Même la visite effectuée par le général putschiste mauritanien Mohamed Ould Abdel Aziz (il était à Bamako, le 22 septembre dernier) n’enlève en rien à la gravité des faits.
Inquiétante est en effet cette attitude du président ATT qui a pourtant prêté serment de défendre l’intégrité territoriale du Mali. Le locataire de Koulouba ne souhaite pas voir un débat politique sur cette question.
Silence coupable de la classe politique !
Dans leur analyse de la situation, ATT et ses officiers oublient que le général putschiste, Mohamed Ould Abdel Aziz, a une autre préoccupation qui n’est pas seulement la lutte contre le terrorisme. Hanté par le spectre d’un coup d’Etat, l’armée mauritanienne ayant une solide réputation en la matière, Mohamed Ould Abdel Aziz a trouvé de quoi occuper son armée avec cet vrai faux problème d’Aqmi. Mais en voulant sauver son régime, il risque fort de déstabiliser celui de son frère ATT.
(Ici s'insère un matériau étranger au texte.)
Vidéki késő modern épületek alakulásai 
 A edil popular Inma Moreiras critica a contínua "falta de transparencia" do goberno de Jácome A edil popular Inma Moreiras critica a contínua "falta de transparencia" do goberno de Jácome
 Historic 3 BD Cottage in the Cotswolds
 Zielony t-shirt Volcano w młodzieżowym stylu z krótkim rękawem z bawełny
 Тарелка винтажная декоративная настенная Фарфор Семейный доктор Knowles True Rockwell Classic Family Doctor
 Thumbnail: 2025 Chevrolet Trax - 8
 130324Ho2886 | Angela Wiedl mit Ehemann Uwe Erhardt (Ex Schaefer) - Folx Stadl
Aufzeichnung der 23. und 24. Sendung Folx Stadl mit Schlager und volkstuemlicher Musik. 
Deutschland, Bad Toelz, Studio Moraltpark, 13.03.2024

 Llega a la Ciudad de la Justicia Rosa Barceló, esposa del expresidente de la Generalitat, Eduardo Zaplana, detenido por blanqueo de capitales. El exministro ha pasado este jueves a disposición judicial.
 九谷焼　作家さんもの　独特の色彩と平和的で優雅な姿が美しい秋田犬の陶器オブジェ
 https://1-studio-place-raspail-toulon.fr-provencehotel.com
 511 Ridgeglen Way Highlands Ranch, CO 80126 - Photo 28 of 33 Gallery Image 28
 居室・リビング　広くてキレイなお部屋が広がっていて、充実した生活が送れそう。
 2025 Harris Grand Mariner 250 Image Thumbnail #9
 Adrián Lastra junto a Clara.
Même si la majorité de la classe politique observe un silence coupable, des voix s’élèvent de plus en plus pour dénoncer ce qui n’est ni plus ni moins qu’une violation de notre souveraineté.
A la suite du Rassemblement pour le Développement et la Solidarité (Rds) de Pr Younouss Hamèye Dicko, l’ex-première dame, Adame Ba Konaré, une intellectuelle engagée, a pris son courage pour dénoncer ce qu’elle qualifie comme une atteinte grave à notre souveraineté. ”C’est déplorable. C’est vrai qu’en tant que républicains, on considère que c’est une attaque grave à notre souveraineté et quand on entend même le président français déclarer qu’il va livrer la guerre contre Al-Qaïda au Mali, je pense que c’est quand même une déclaration très grave qui sape absolument notre indépendance, notre souveraineté. Il y a de quoi être inquiet.”, a-t-elle souligné dans un entretien accordé à nos confrères de Radio France Internationale.
La réaction de plus en plus hostile de l’opinion obligera-t-elle les autorités maliennes à changer le fusil d’épaule ? Car ce mépris pour notre souveraineté territoriale discrédite le pouvoir de Bamako. Il s’agit donc pour le président ATT de dire à la France de Nicolas Sarkozy et à la Mauritanie de Mohamed Ould Abdel Aziz de faire preuve de sagesse et d’humilité.